Bello v. Bondi
This text of Bello v. Bondi (Bello v. Bondi) is published on Counsel Stack Legal Research, covering Court of Appeals for the Fifth Circuit primary law. Counsel Stack provides free access to over 12 million legal documents including statutes, case law, regulations, and constitutions.
Opinion
Case: 25-60271 Document: 56-1 Page: 1 Date Filed: 02/26/2026
United States Court of Appeals for the Fifth Circuit United States Court of Appeals Fifth Circuit
____________ FILED February 26, 2026 No. 25-60271 Lyle W. Cayce Summary Calendar Clerk ____________
Yaseerat Bello,
Petitioner,
versus
Pamela Bondi, U.S. Attorney General,
Respondent. ______________________________
Petition for Review of an Order of the Board of Immigration Appeals Agency No. A215 503 846 ______________________________
Before Barksdale, Oldham, and Douglas, Circuit Judges. Per Curiam: * Yaseerat Bello, a Nigerian citizen, petitions for review of the Board of Immigration Appeals’ (BIA) affirming an Immigration Judge’s (IJ) denying her application for asylum, withholding of removal, and protection under the Convention Against Torture (CAT). She asserts the BIA erred by affirming
_____________________ * This opinion is not designated for publication. See 5th Cir. R. 47.5. Case: 25-60271 Document: 56-1 Page: 2 Date Filed: 02/26/2026
No. 25-60271
the IJ’s: adverse credibility finding; and rejecting her application for humanitarian asylum. Our court reviews the BIA’s decision and considers the IJ’s decision only to the extent it influenced the BIA. Orellana-Monson v.
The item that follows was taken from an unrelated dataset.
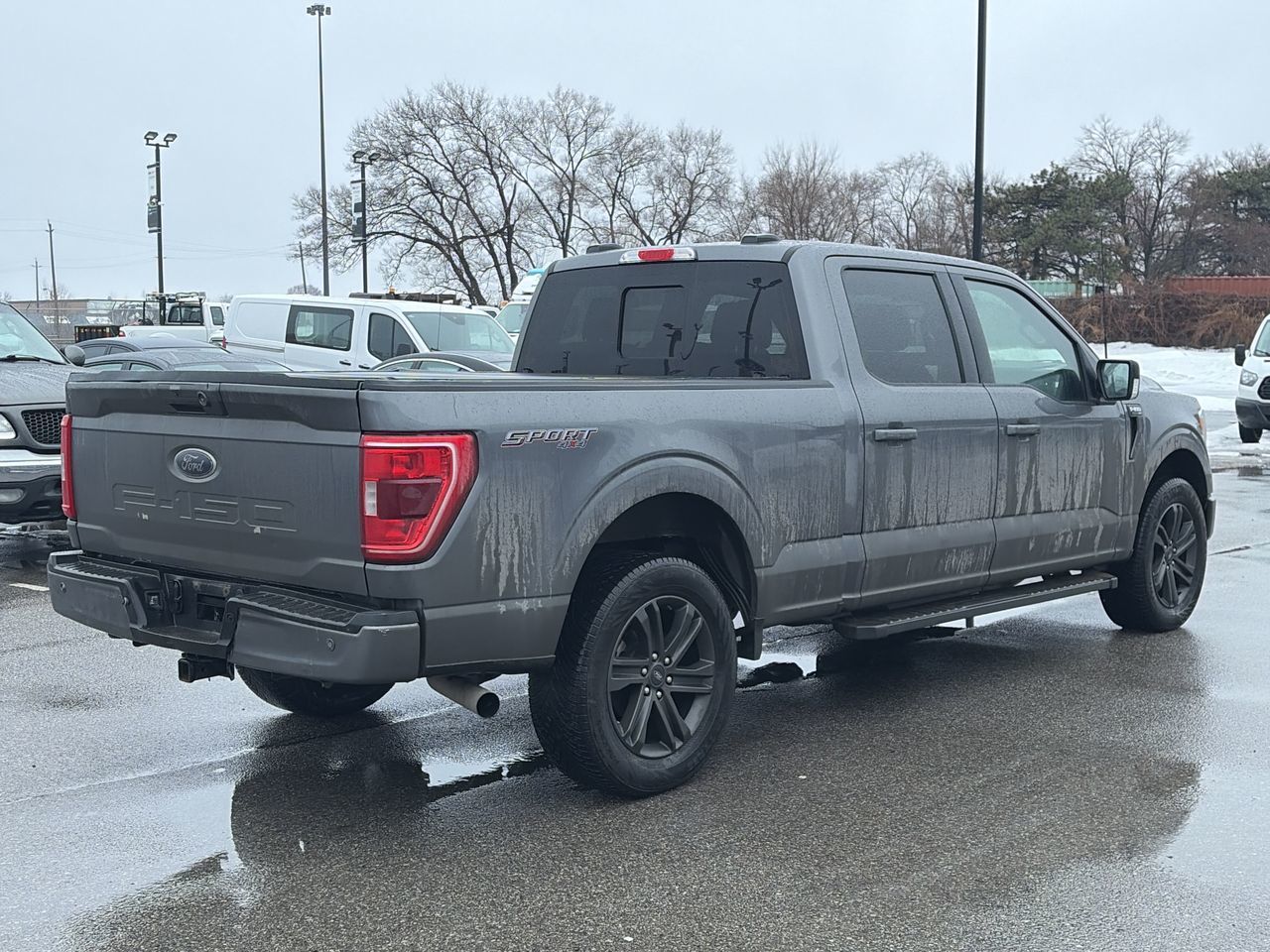 Ford F150  2022 à Toronto, Ontario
Holder, 685 F.3d 511, 517 (5th Cir. 2012). The BIA’s factual findings are reviewed for substantial evidence; its legal conclusions, de novo. Id. Findings of fact, including an applicant’s eligibility for asylum, withholding of removal, and relief under CAT, are reviewed under the substantial-evidence standard. E.g., Chen v. Gonzales, 470 F.3d 1131, 1134 (5th Cir. 2006). Under this standard, our court will not disturb the BIA’s decision unless the evidence “compels” a contrary conclusion. E.g., Revencu v. Sessions, 895 F.3d 396, 401 (5th Cir. 2018) (emphasis in original) (citation omitted). Bello first contends the IJ’s finding her not credible was unsupported because the IJ: relied upon non-record speculation; failed to give proper weight to her explanations for her demeanor and failure to include fear of female genital mutilation on her initial application. Adverse credibility findings “are factual findings that are reviewed for substantial evidence”. Avelar-Oliva v. Barr, 954 F.3d 757, 763 (5th Cir. 2020). The IJ must consider the totality of the circumstances and all relevant factors when making a credibility determination. 8 U.S.C. § 1229a(c)(4)(C); 8 U.S.C. § 1158(b)(1)(B)(iii) (asylum); 8 U.S.C. § 1231(b)(3)(C) (withholding of removal). “The IJ and BIA may rely on any inconsistency or omission in making an adverse credibility determination” if lack of credibility is “supported by specific and cogent reasons derived from the record”. Avelar- Oliva, 954 F.3d at 764 (internal quotation marks and citations omitted) (emphasis in original). The IJ’s unchallenged findings—including, inter alia, that Bello provided an inconsistent and implausible account of her alleged kidnapping
2 Case: 25-60271 Document: 56-1 Page: 3 Date Filed: 02/26/2026
by Boko Haram—provide substantial evidence to support its adverse credibility determination. See id at 768–69. Further, notwithstanding her challenges to the IJ’s credibility determination, Bello abandoned any challenge to the IJ’s concluding the Government rebutted the presumption of a fear of future persecution. See Soadjede v. Ashcroft, 324 F.3d 830, 833 (5th Cir. 2003) (holding failure to brief substantive issues constitutes abandonment). Moreover, she fails to show error in the denial of withholding of removal, which employs a more stringent standard than asylum. See Dayo v. Holder, 687 F.3d 653, 658–59 (5th Cir. 2012) (holding “applicant who has failed to establish . . . less stringent . . . standard of proof required for asylum relief is necessarily also unable to establish an entitlement to withholding of removal”). And, consistent with her not raising a claim for CAT relief before the BIA, she also abandons that claim here. See id at 659. As raised by the Government (and not contested by Bello, who did not file a reply brief), Bello’s second contention—that the IJ erred by rejecting her application for humanitarian asylum—is unexhausted. See, e.g., Carreon v. Garland, 71 F.4th 247, 257 (5th Cir. 2023) (holding failure to raise issue before BIA, if raised by Government, constitutes failure to exhaust). Accordingly, we decline to reach this issue. See id. DENIED.